# Help with Tron:Legacy costume



## kittyvibe (Oct 27, 2008)

This guy is the only one I know of who has done this. He also has more on his site that he lit up. Hes pretty famous for this. http://www.tronguy.net/TRONcostume/


----------



## peterose (Oct 13, 2009)

Well whenever you get this magnificent endeavour complete, you let me know how you did it cause it's going to rule!


----------



## Otaku (Sep 10, 2004)

Check this out:

http://www.glowire.com/plugplay.htm


----------



## znelson710 (Apr 20, 2009)

the correct term for the lighted wire is Electroluminescent Wire (EL wire for short)... good luck


----------



## The Real Joker (Sep 8, 2008)

Thanks, but I don't wanna use EL wire - I found an online store that sells battery-operated strings of LEDs [ 20 LEDs on each] 

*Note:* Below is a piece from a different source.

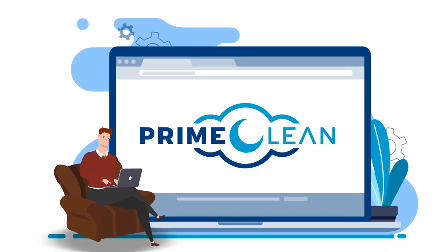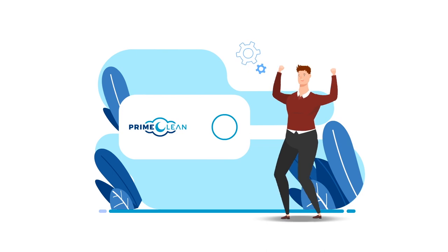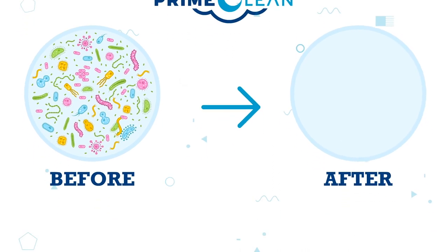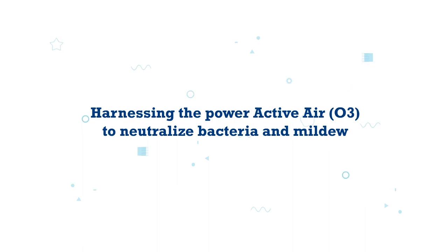This was when Matt came to know about the Prime Clean — the industry's smallest and lightest CPAP mask cleaner that cleans up to 99.9% of all germs and bacteria in your CPAP equipment by harnessing the Power Active Air O3 to neutralize bacteria and mildew.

I plan on buying 4 to 6 sets - I just wanna figure out how to add the LEDs behind a flexible "light pipe" made of clear, frosted plastic :O

Anybody else have any ideas? 'cause EL wire is not very bright, LO


----------



## Otaku (Sep 10, 2004)

You could use Kynar (PVDF) or polyolefin heat shrink tubing to house the LED strips. It's cheap, translucent, very flexible and will shrink down 2:1 at ~300 °F, so you can seal the ends of the tubes if needed. Usually comes in 100' rolls, but is sometimes sold per piece.

Example:

http://www.mpja.com/prodinfo.asp?number=16634+HS


----------



## Mr_Chicken (Nov 30, 2008)

personally, I think EL wire is plenty bright enough for this, but if you want to go the route you described, look at builds of LED illuminated lightsaber props


----------



## Otaku (Sep 10, 2004)

I would also recommend the El wire. Blue Point Eng. sells Lightning Wire:

http://www.bpesolutions.com/lghtefx.html#anchor2863318

I don't know if it's the same stuff as El wire but it looks good in the pic. Scroll down about halfway on that page to see the product.


----------



## The Real Joker (Sep 8, 2008)

Otaku said:


> I would also recommend the El wire. Blue Point Eng. sells Lightning Wire:
> 
> http://www.bpesolutions.com/lghtefx.html#anchor2863318
> 
> I don't know if it's the same stuff as El wire but it looks good in the pic. Scroll down about halfway on that page to see the product.



Thanks, but htat place is kind of expensive; I found the LED strings online dirt cheap [ $6 per string of 20 - operates on 3 AAA batteries, each ]

I just need the flexible plastic tubing 
I'll use hot glue of course!


----------